One of the things I love to discuss when I am introducing a new rum at a tasting or event is the story behind it. Afrohead was a rum I had heard rumors about as a highly limited rum from the Bahamas. The creation of Toby Tyler in 2008, the rum was served as the house rum at the Landing Guest House and Restaurant by proprietor Joe Farrell. They hand bottled it and used the logo that appeared on their house wine. The logo was an homage to the island’s history and culture and the first Miss Bahamas from 1963. Referred to as the “Afrohead,” the name stuck and a brand was born.
Now fast forward to 2015, the Harbour Island Rum Company launches its Afrohead line as a seven years old dark aged rum and fifteen year old XO rum. The logo has evolved as well with iconography inspired by the West Indies rich rum history woven into it. If you look closely you will find a Crown, a Seashell, Junkanoo, Creation, Mind’s Eye, and Rising Sun symbols in the design.

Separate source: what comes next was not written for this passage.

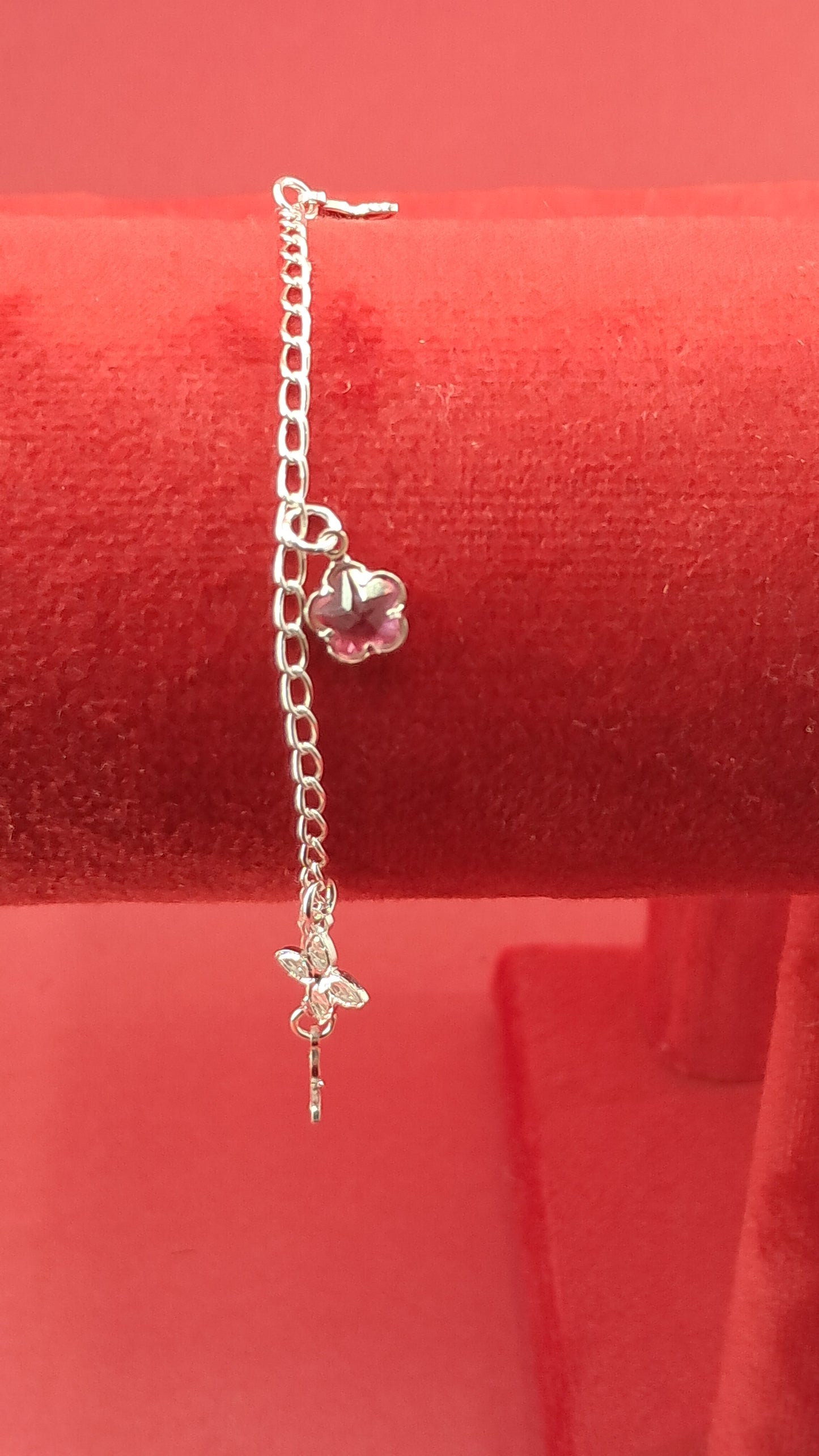 Pulsera Flores y Estrella Roja en Plata 925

The rum itself is made from molasses sourced in the Dominican Republic, fermented and distilled in Trinidad at the House of Angostura using a proprietary yeast. The rum is then aged using American Oak Bourbon Barrels. After the required aging time period, the Aged Dark rum is transported to Barbados where it is blended and bottled to 80 proof. At the time of this review the rum is available in the Bahamas, Tennessee, and Florida.
The medium sized 750 ml bottle is sealed with a black security wrap and wax seal holding a black plastic cork in the bottle. The security strip on the neck descends down the bottle pointing to the black and gold Afrohead logo centered on the bottle. The rest of the bottle follows this color scheme which works surprisingly well with the dark amber color of the rum.
The color lightens to a honey amber in the glass. Swirling the liquid created a thin ring with legs that speed down the side of the glass as fast as they are created. The ring settles into a substantial bead pattern.
The liquid revealed notes of caramel, honey, vanilla, molasses, a bite of alcohol vapor and char.
My first sip reveals a swirl of caramel wrapped around a core of smoky oak, subtle banana with a light bite of alcohol. Subsequent sips amplifies the sweetness of the rum balanced by the lightly acidic oak tannins and hint of baking spices. The acidity and alcohol transition to a bitter oak orange peel finish that I find intriguing.
I enjoy the fact that the company is transparent with the pedigree of the rum instead of using smoke and mirrors concerning the origin of the spirit. The important part is that the character of the spirit comes through creating a rum that can be sipped or used in a cocktail. The note of orange that came out in the finish led me to trying it in a Rum Old Fashioned cocktail confirming the versatility of the spirit. This versatility is what I always want to see in a rum in this age range. At 35 dollars a bottle, it tips toward the upper end of the 7-8 year price range but the versatile range it provides makes it worth adding to the bar selection.